Receiving the newest CALS News (the magazine for the College of Agriculture and Life Sciences here at Cornell University) made me wonder: will there be anything in here about the Department of Education? It seemed it might get some kind of mention, even if only in the the dean's comments. Rather, Dean Boor noted how good things are. She stated:
Under [Susan Henry's] leadership, the college took a strategic approach to planning for the future. Our books are balance, we are well on our way to "Reimagining CALS," and recent mergers among eight sister departments are encouraging even close collaborations across the Ithaca and Geneva campuses.
That would have been the place to say something about Education. But nothing. It gives the sense that everything is perfectly fine and on track. And, for many within the college, that's true. There's not even a decency to note that the "Reimagining" process has cut an entire department and altered the future study of education at Cornell. The article then goes on the praise the new Charles H. Dyson School of Applied Economics and Management and other wonderful things going on within CALS. The ranking of top programs is highlighted. And, as the dean says, CALS is "one of the best places in the world to conduct research in agricultural, environmental, and applied social sciences." The article concludes with this paragraph:
Many of the most important issues that we face today--climate change, food security, economic and environmental sustainability--are complex questions that require multidisciplinary solutions. By taking advantage of the amazing depth and breadth of academic resources we have here at CALS, we can form natural collaborations that make a big difference. By continuing to work closely with our outreach partners locally and around the globe, we can amplify that impact and truly become land grant university to the world.
These are big issues that we're attempting to deal with and address. We do have tremendous resources to do so, but there's something lacking in the way we're conceptualizing and putting into practice this work. Stay with me for a minute or two.

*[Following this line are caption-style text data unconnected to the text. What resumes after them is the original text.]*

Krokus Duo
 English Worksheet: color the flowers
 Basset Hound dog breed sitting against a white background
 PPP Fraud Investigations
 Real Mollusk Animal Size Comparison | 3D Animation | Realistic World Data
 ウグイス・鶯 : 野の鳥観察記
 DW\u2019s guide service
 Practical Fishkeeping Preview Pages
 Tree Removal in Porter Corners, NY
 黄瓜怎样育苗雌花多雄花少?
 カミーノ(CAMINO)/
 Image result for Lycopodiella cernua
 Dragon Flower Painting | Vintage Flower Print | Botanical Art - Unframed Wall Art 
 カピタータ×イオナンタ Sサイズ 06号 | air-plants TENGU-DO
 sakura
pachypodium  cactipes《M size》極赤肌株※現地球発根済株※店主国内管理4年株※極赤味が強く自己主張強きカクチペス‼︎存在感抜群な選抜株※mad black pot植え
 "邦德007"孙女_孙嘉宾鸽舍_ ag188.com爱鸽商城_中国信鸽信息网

I continue to be baffled by the actions taken by CALS regarding the study of education here at Cornell. The Department of Education exists in the shadow of what once was the study of education here at Cornell. There is a long history of Cornell wanting to get rid of the study of education, moving the School of Education from the endowed side of the university over to CALS and creating a department that would eventually dwindle down to a size able to be dismantled. There have long been decisions made at this institution to ensure that education remained small and expendable. It's current manifestation, frankly, is trying to be too much and that's why it was able to be dismantled. Without institutional support this obviously had to be the case. Many argue that universities and colleges must play to the strengths of an institution while curtailing or cutting others. The concern for me is not simply the closure of the department, but rather the ways in which we go on thinking we've got the bases covered. Let me clarify what I mean.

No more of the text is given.